Given records:
■ ■ ■ ■ ■ ■ ■

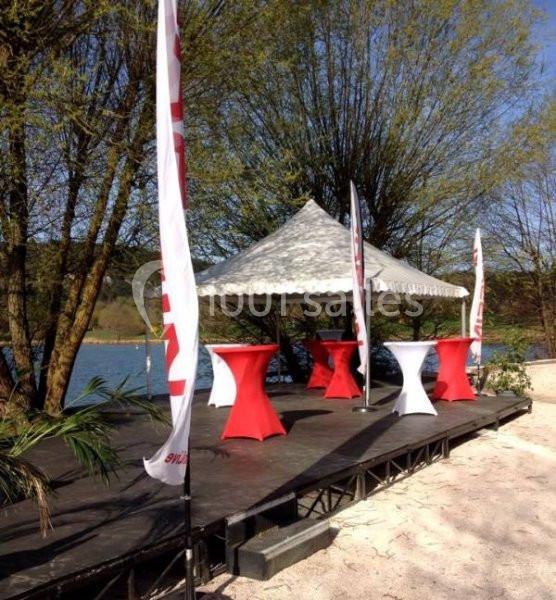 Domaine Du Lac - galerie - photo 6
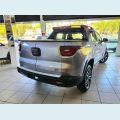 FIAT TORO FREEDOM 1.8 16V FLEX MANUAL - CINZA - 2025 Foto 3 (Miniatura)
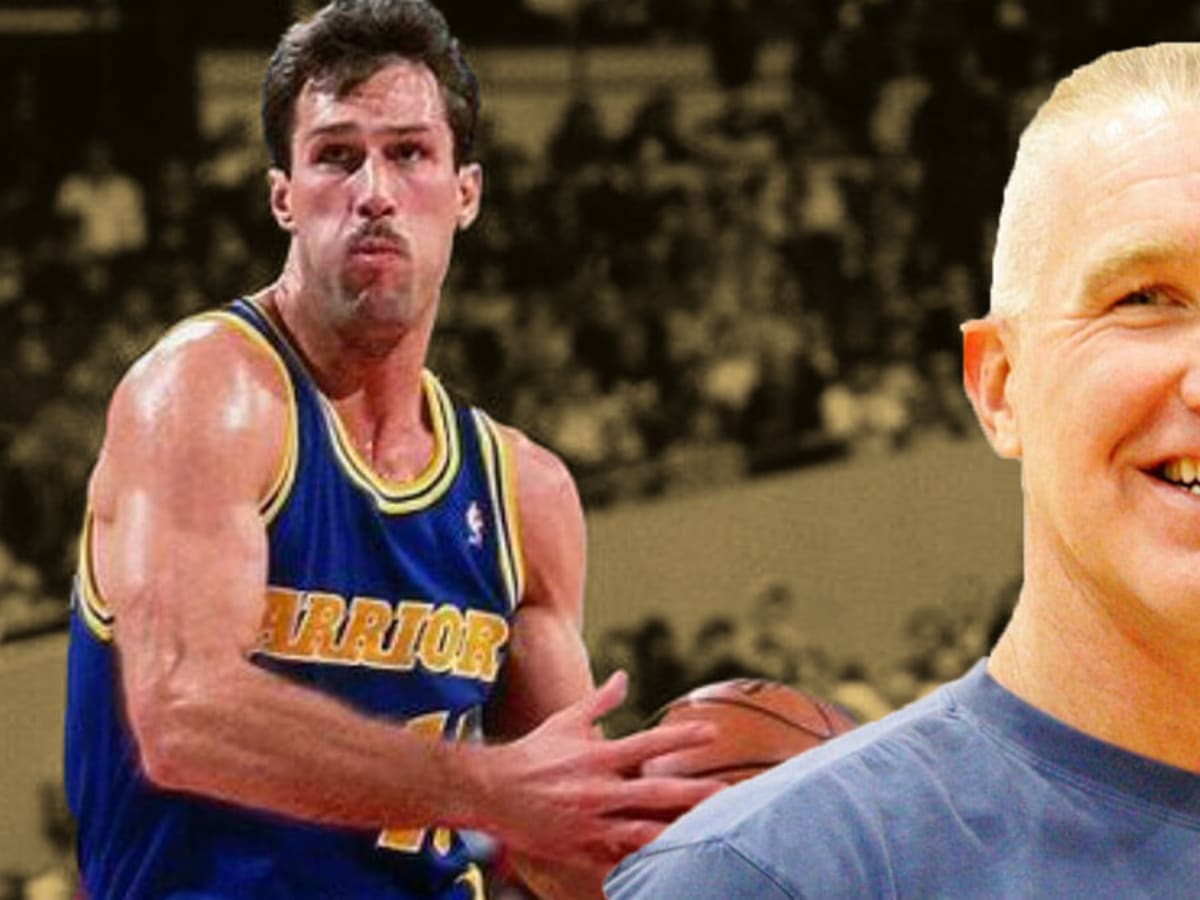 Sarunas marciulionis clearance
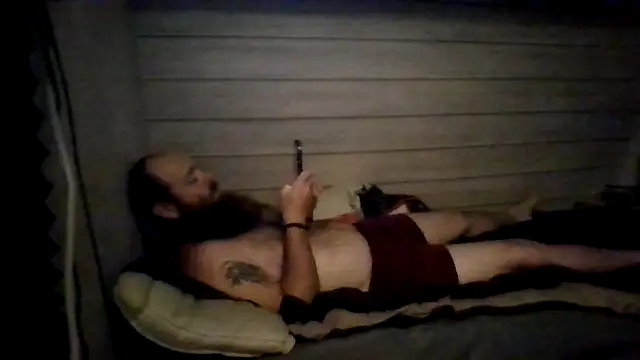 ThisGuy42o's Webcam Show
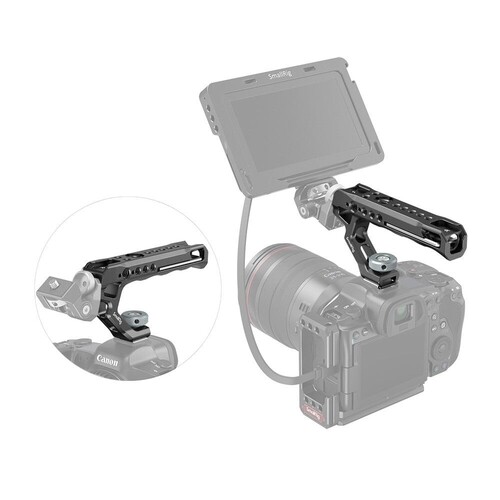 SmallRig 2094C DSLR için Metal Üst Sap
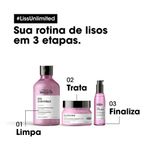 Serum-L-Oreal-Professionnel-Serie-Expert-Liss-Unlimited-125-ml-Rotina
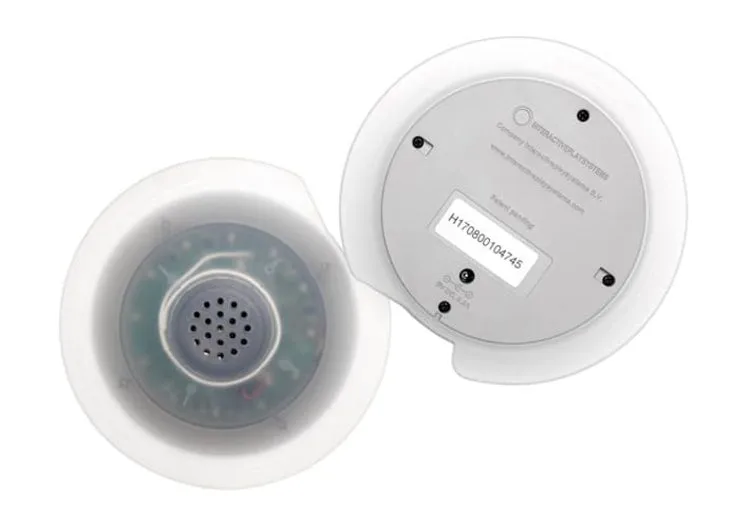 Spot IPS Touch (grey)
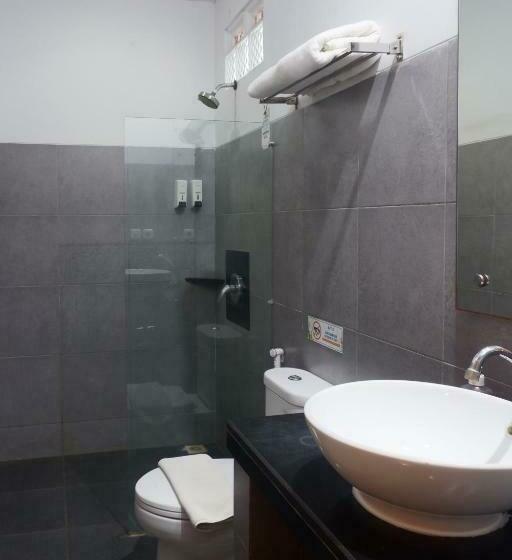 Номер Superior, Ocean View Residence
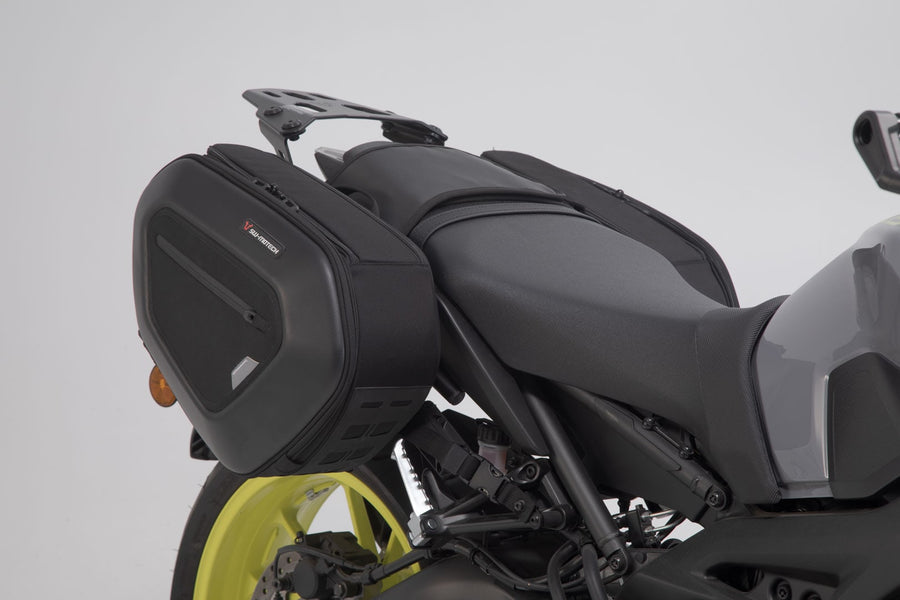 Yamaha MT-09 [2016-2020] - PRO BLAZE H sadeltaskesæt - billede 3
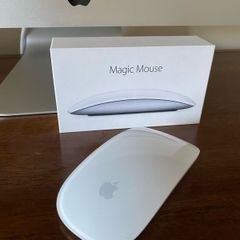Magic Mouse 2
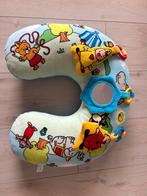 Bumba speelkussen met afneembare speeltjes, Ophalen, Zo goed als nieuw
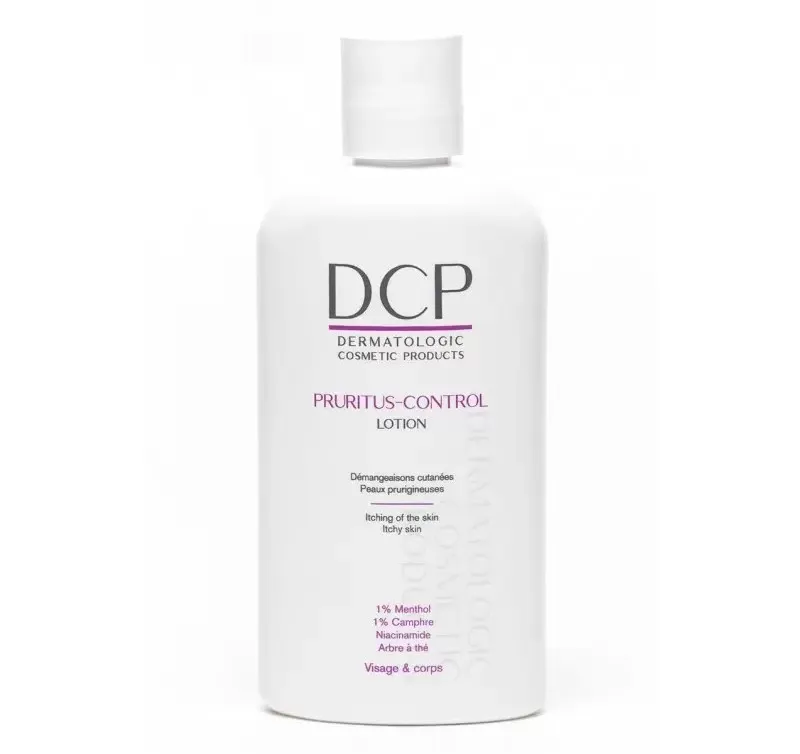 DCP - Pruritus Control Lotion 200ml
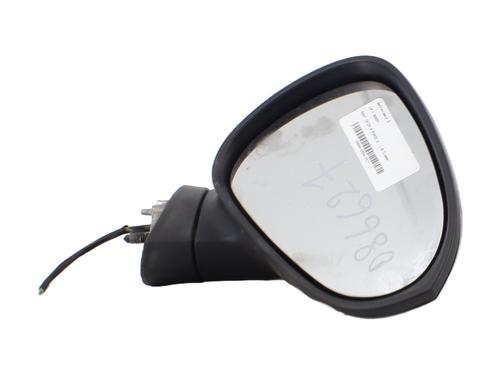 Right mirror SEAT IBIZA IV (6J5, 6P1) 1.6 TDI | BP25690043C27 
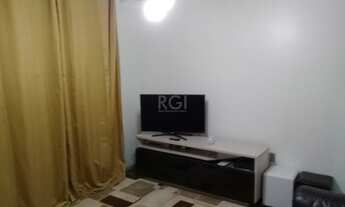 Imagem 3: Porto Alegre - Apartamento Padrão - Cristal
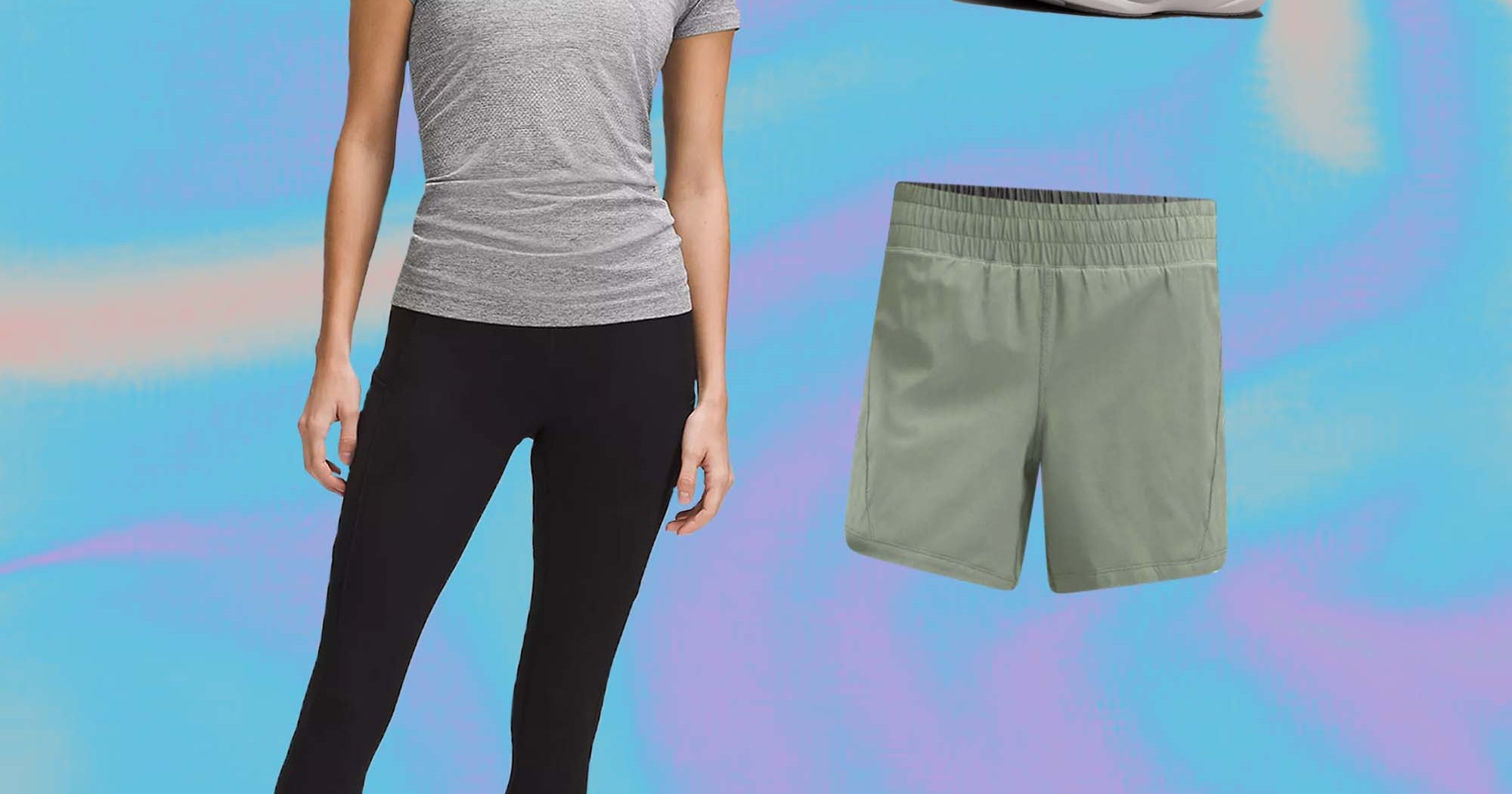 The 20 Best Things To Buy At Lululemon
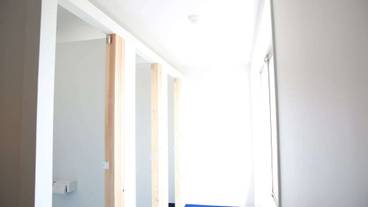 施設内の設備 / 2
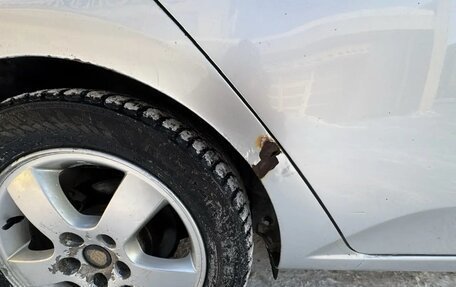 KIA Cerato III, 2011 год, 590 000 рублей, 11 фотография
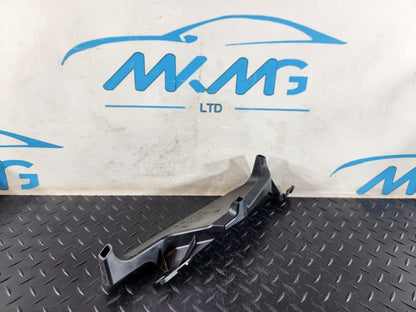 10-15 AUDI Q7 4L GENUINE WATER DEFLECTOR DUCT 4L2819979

■ ■ ■ ■ ■ ■ ■

Task prompt: Would you write out exactly the lines of the data from the one holding "Spot IPS Touch (grey)" to the final line, both included, with pictures left out?

Expected answer:
 Spot IPS Touch (grey)
 Номер Superior, Ocean View Residence
 Yamaha MT-09 [2016-2020] - PRO BLAZE H sadeltaskesæt - billede 3
Magic Mouse 2
 Bumba speelkussen met afneembare speeltjes, Ophalen, Zo goed als nieuw
 DCP - Pruritus Control Lotion 200ml
 Right mirror SEAT IBIZA IV (6J5, 6P1) 1.6 TDI | BP25690043C27 
 Imagem 3: Porto Alegre - Apartamento Padrão - Cristal
 The 20 Best Things To Buy At Lululemon
 施設内の設備 / 2
 KIA Cerato III, 2011 год, 590 000 рублей, 11 фотография
 10-15 AUDI Q7 4L GENUINE WATER DEFLECTOR DUCT 4L2819979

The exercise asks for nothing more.